- [PROBLEM TO SOLVE]
Please make an exact transcription of the records, keeping the pictures out of it.

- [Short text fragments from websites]
───

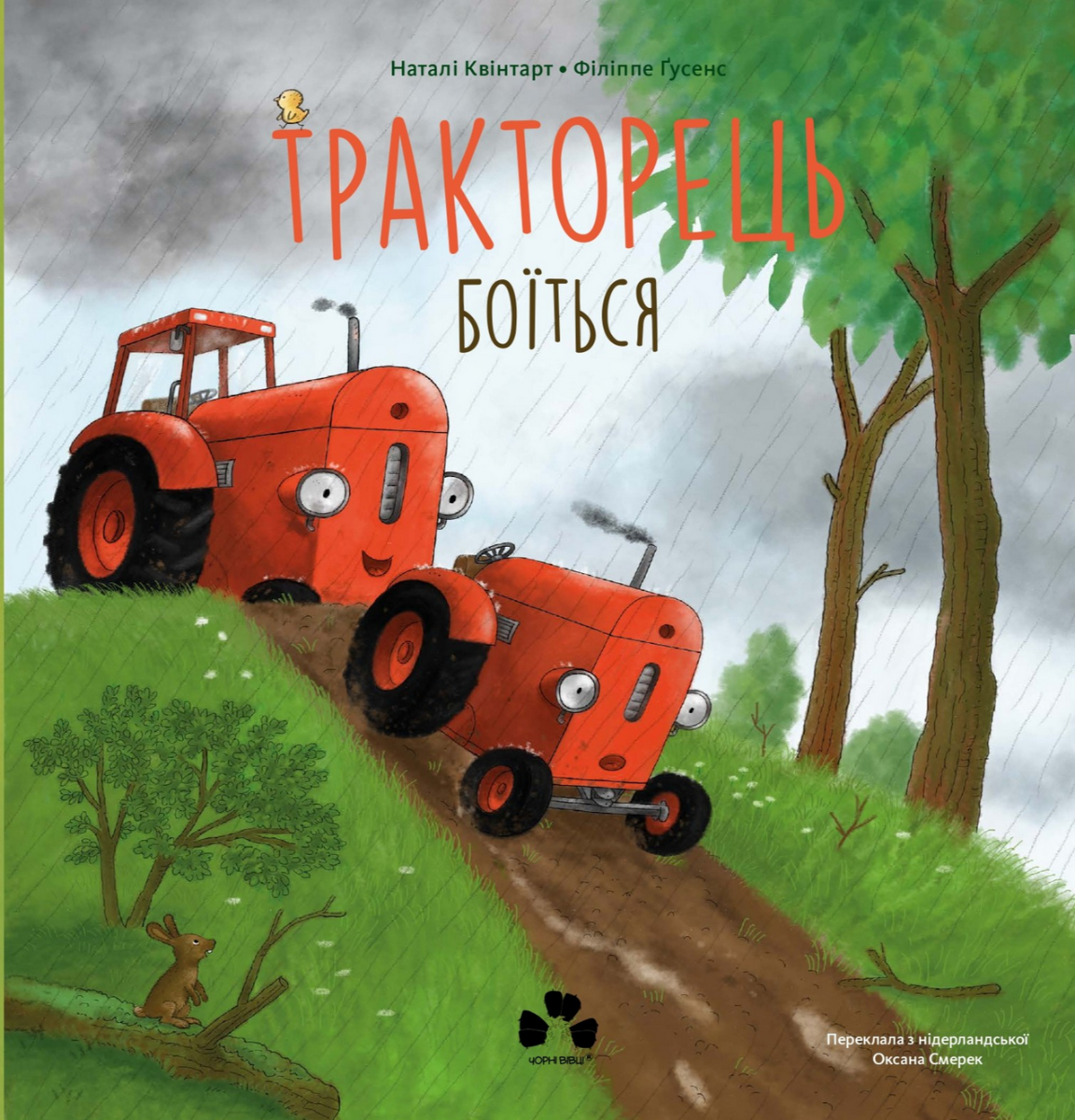 Обкладинка Тракторець боїться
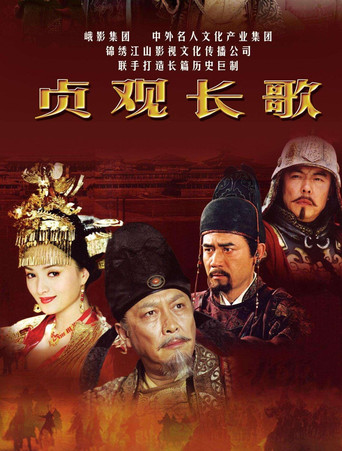 The Story of Zhen Guan poster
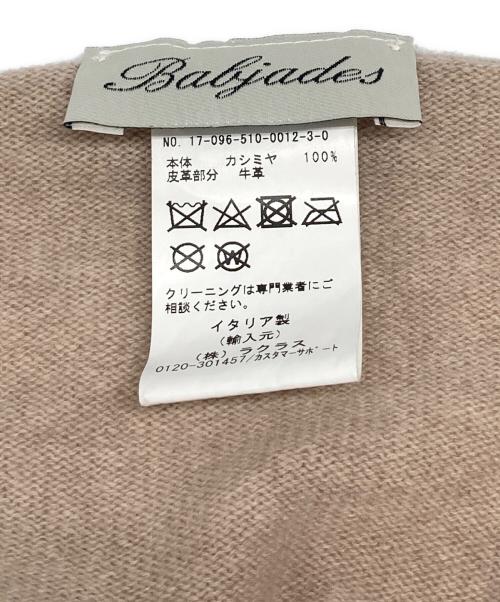 Babjades（バブジェイズ）Babjades (バブジェイズ) CASHMERE STOLE ベージュ サイズ:Freeの古着・服飾アイテム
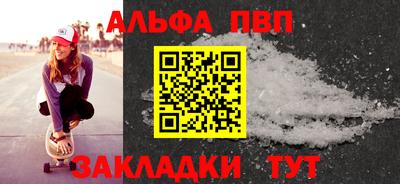 каннабис Комсомольск-на-Амуре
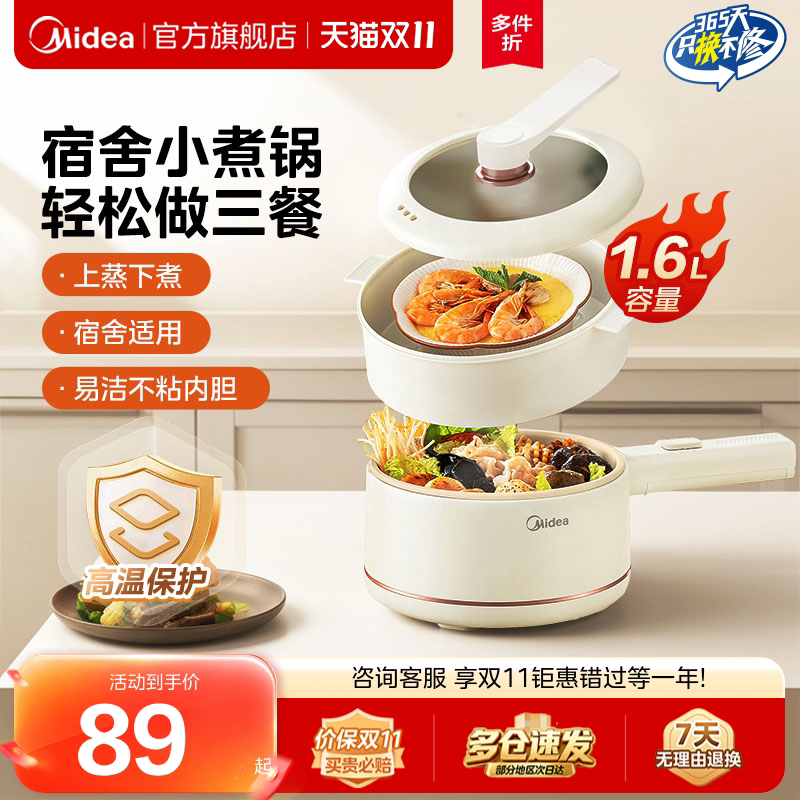 美的电煮锅小型迷你火锅宿舍泡面不粘锅家用小电煮锅多功能小电锅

───

- [ANSWER AREA]
 Обкладинка Тракторець боїться
 The Story of Zhen Guan poster
 Babjades（バブジェイズ）Babjades (バブジェイズ) CASHMERE STOLE ベージュ サイズ:Freeの古着・服飾アイテム
 каннабис Комсомольск-на-Амуре
 美的电煮锅小型迷你火锅宿舍泡面不粘锅家用小电煮锅多功能小电锅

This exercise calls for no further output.